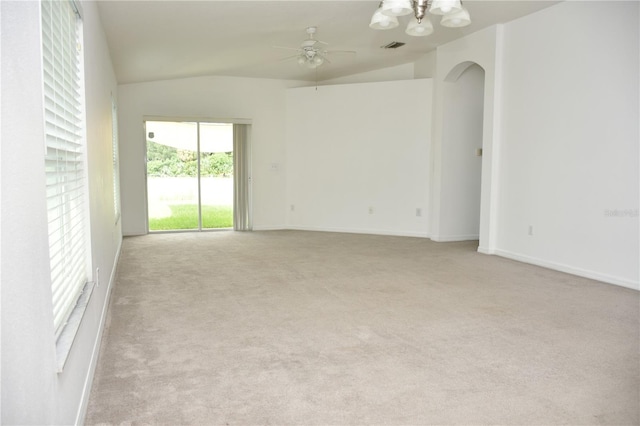 empty room with lofted ceiling, light colored carpet, and ceiling fan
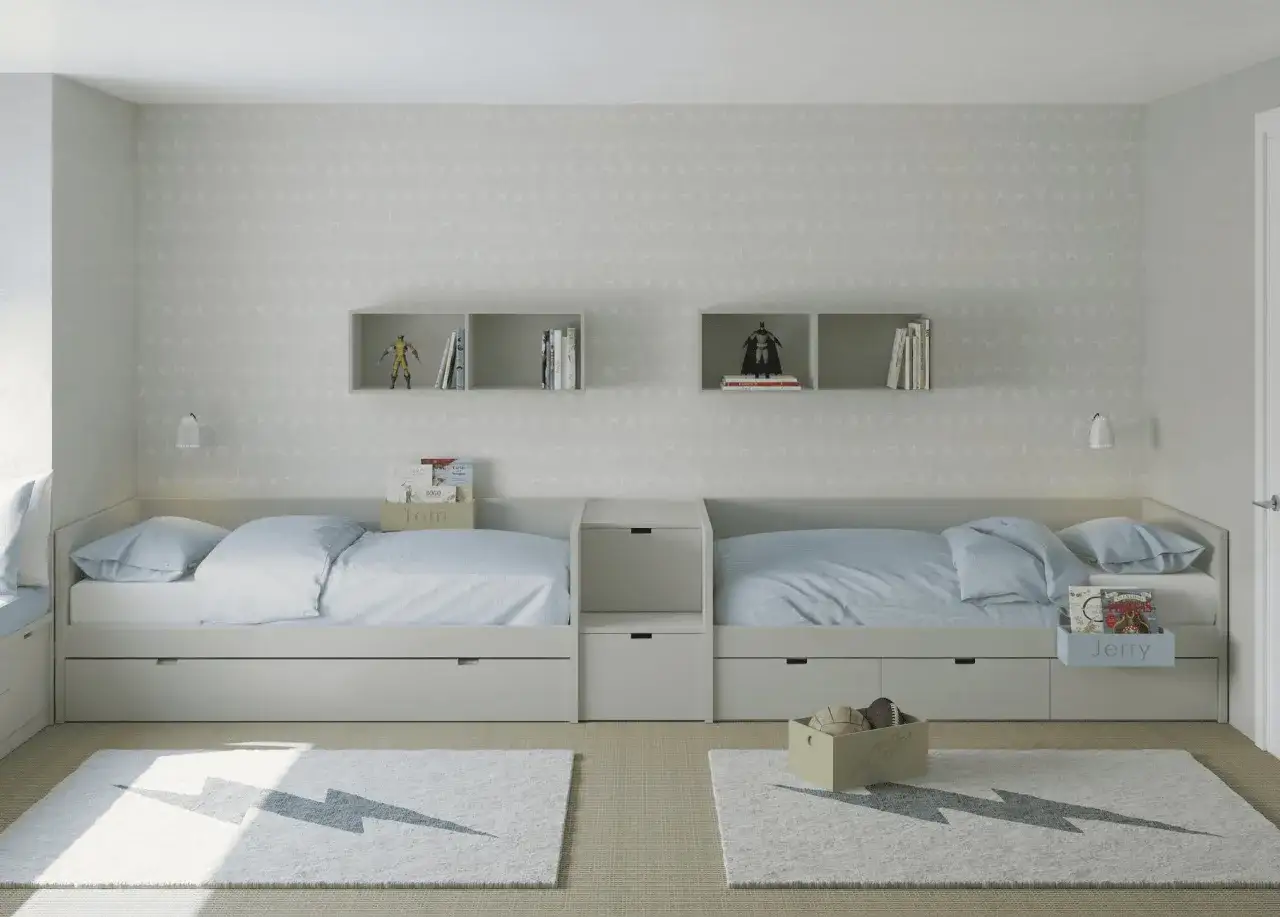 Habitaci&oacute;n infantil dividida para ni&ntilde;o y ni&ntilde;a con dos camas gemelas, separadas por un mueble central. Alfombras con rayos y figuras de superh&eacute;roes en estantes.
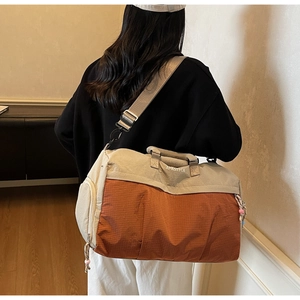 Détail du sac de voyage bicolore avec texture en nylon quadrillé et bandoulière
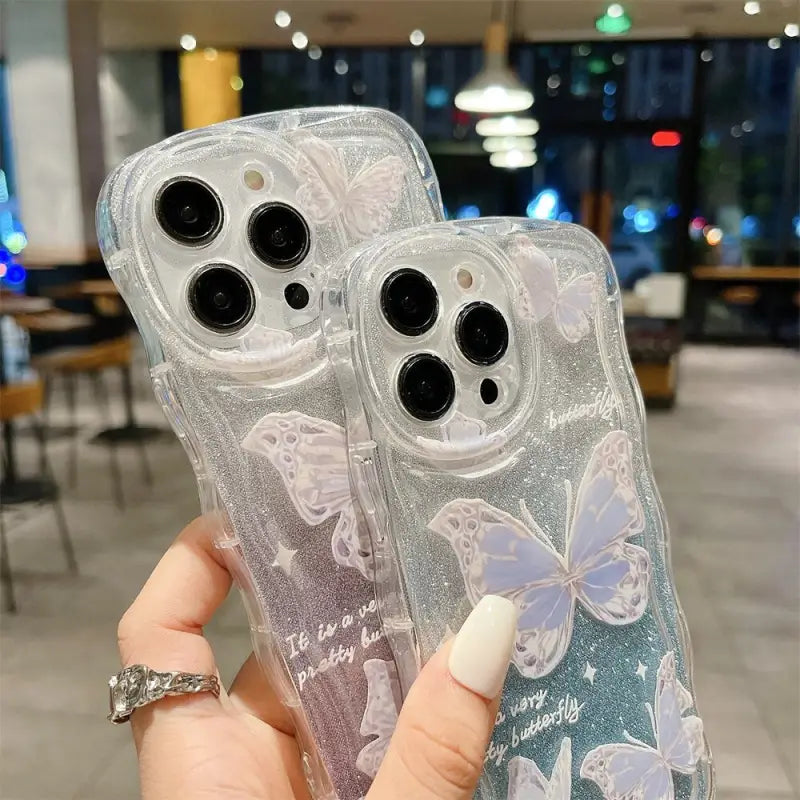 a pair of cute cartoon clear case for iphone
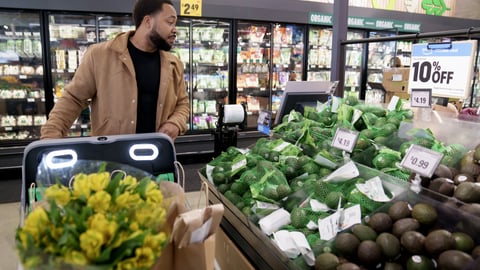 A shopper at an Amazon Fresh store (Photo: Amazon).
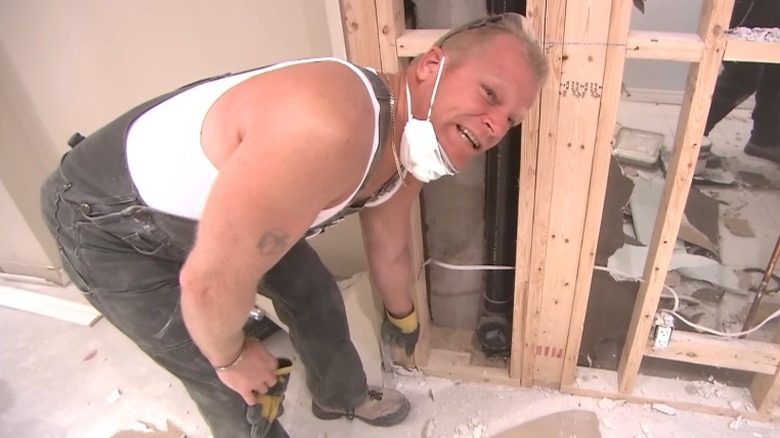 Mike Holmes bending down in construction site pointing at shoddy work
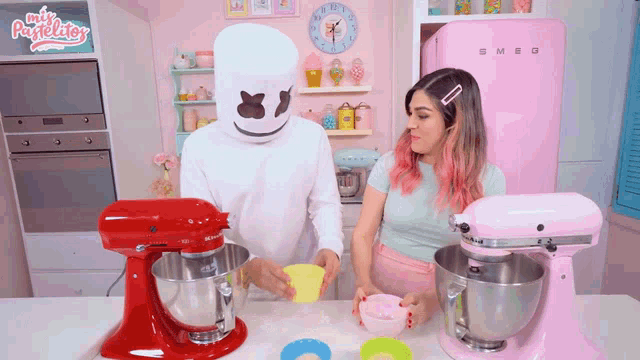 a pink smeg refrigerator sits in a kitchen next to two mixers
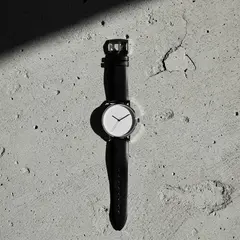 FLUX.2 [pro] — A minimalist wristwatch with a black leather strap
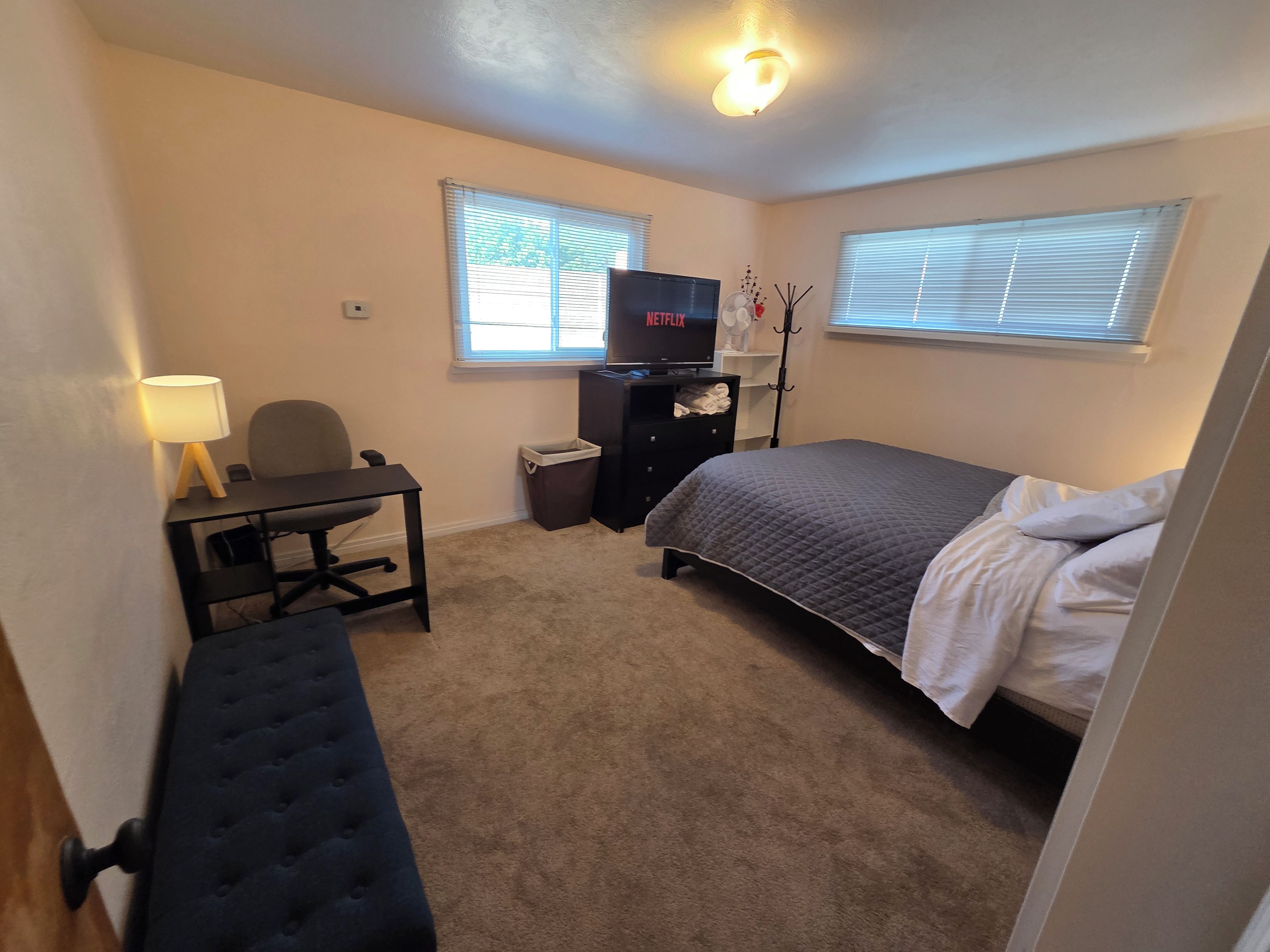 Ein Schlafzimmer mit Bett, Schreibtisch, Stuhl, Fernseher und Fenster.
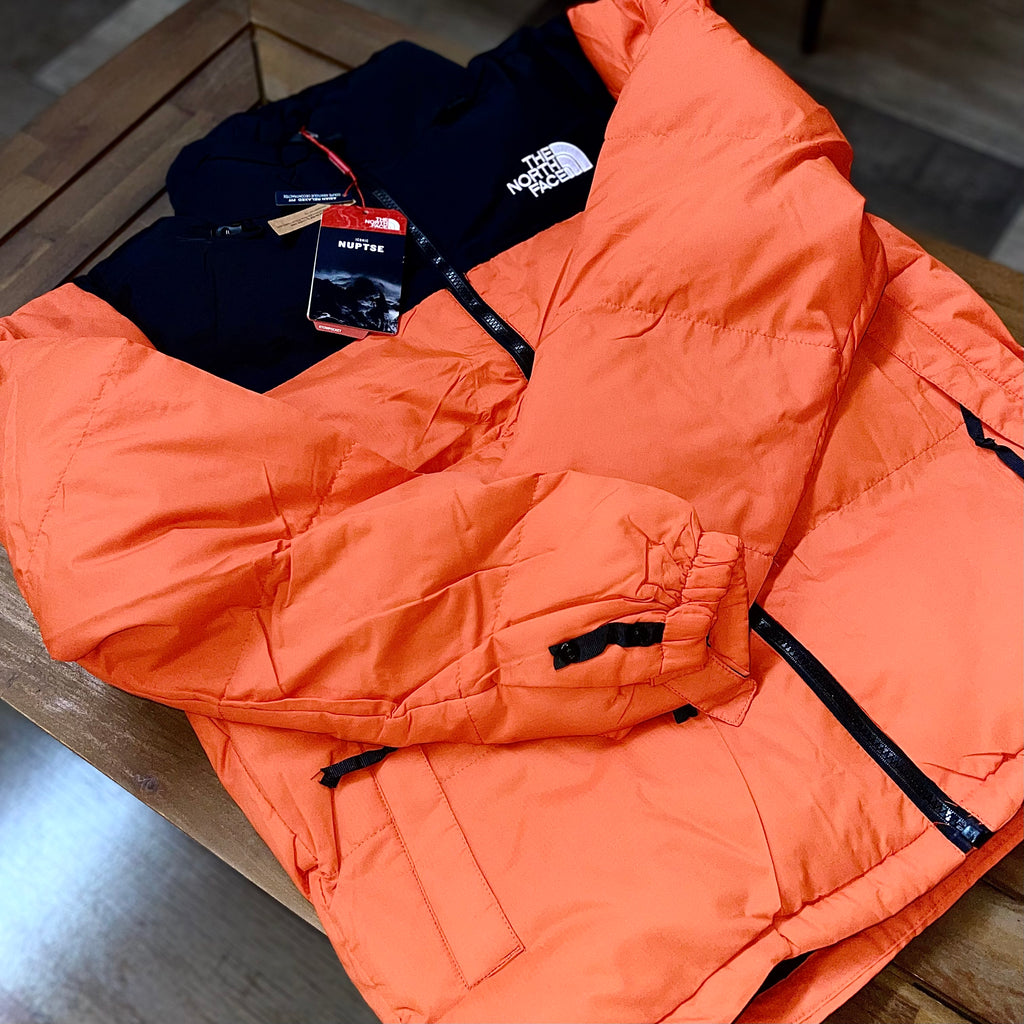 Close-up of The North Face Puffer Jacket Flare Orange fabric and logo — premium nylon shell with detailed stitching and embroidered branding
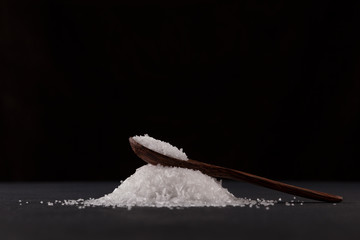 Glutamic acid monosodium salt in a wooden spoon on a dark background. Msg. Food additive E621. Flavor seasoning for enhancing food impressions. The additive is used in the food industry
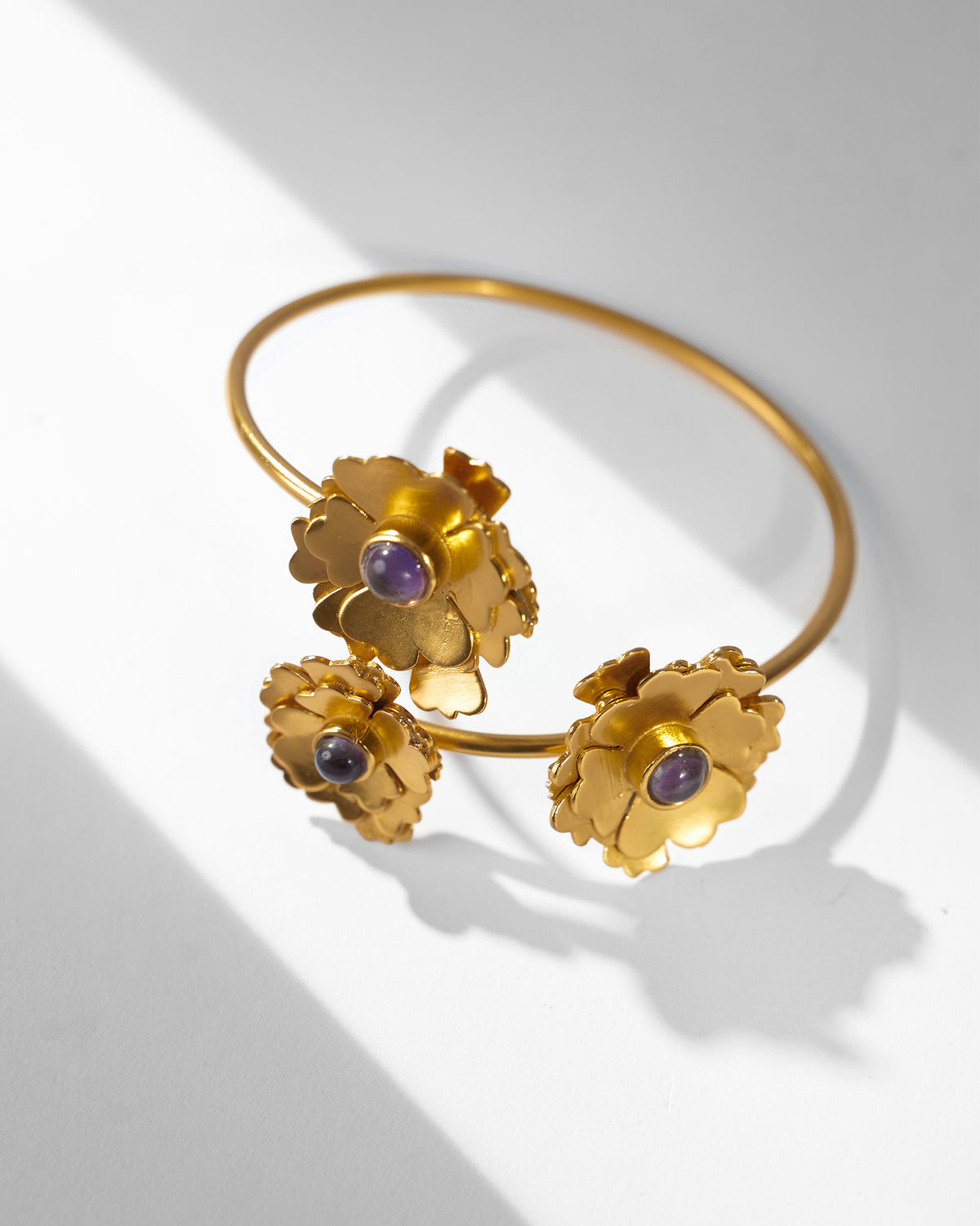 Close-up of a Kesar Phool Cuff with three gold flowers, each with a purple stone centre.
☆ ☆ ☆ ☆ ☆
> [Problem to work on]: Reproduce all of the entries word for word, skipping any pictures they hold.

> [Written response]:
 empty room with lofted ceiling, light colored carpet, and ceiling fan
 Habitaci&oacute;n infantil dividida para ni&ntilde;o y ni&ntilde;a con dos camas gemelas, separadas por un mueble central. Alfombras con rayos y figuras de superh&eacute;roes en estantes.
 Détail du sac de voyage bicolore avec texture en nylon quadrillé et bandoulière
 a pair of cute cartoon clear case for iphone
 A shopper at an Amazon Fresh store (Photo: Amazon).
 Mike Holmes bending down in construction site pointing at shoddy work
 a pink smeg refrigerator sits in a kitchen next to two mixers
 FLUX.2 [pro] — A minimalist wristwatch with a black leather strap
 Ein Schlafzimmer mit Bett, Schreibtisch, Stuhl, Fernseher und Fenster.
 Close-up of The North Face Puffer Jacket Flare Orange fabric and logo — premium nylon shell with detailed stitching and embroidered branding
 Glutamic acid monosodium salt in a wooden spoon on a dark background. Msg. Food additive E621. Flavor seasoning for enhancing food impressions. The additive is used in the food industry
 Close-up of a Kesar Phool Cuff with three gold flowers, each with a purple stone centre.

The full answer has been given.